September song

The wind is on the go again, the breeze is on the blow. It is shifting time, shifting smells, shifting seasons. Autumn is coming. It’s not hurrying, it’s making the most of the remnant sun, sneaking in on the back of summer. How strange that the fullness of summer, the crops of fruit and grain and memories, should mature into roundness and ripeness, not at the height of summer but at its end, a prize given to another season, the taste of summer long after summer’s gone.

The leaves are lazily counting the days ‘til they fade and spin falling to the earth as the earth spins silently to face its back towards the sun. There was so much preparation for this, so much greening and growing, so much opening and flourishing, so much light and hope and expectation and now it is falling away, fading with the leaves, closing and completing like the credits running over the last feet of film.

And did we do it? Did we live the life we dreamt of last winter, did we surf the days and tie-dye the shorter nights into new creations, did we capture this year’s magic, the flavour and savour of it? Did we mount the beast and run at the open door, arms wide, voice yelling for more? Are we ready yet to finish with the froth and spin, and settle for the subtleties of greying days?

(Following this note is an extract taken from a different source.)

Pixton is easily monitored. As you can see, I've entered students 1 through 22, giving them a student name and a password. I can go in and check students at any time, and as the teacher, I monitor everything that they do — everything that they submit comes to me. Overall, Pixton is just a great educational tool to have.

Could we capture the wind and send it back to harvest the unused days, or would they ferment and rot like over-ripe fruit? There is no gainsaying it, the world has turned and we are sliding down the dark side grabbing blackberries and nuts to cheer our way. I will find the new rhythms of conserving and warming and planning, I will welcome the energies of earth and grounding, but at the moment all I can feel is the loss and the turning as summer droops to fall.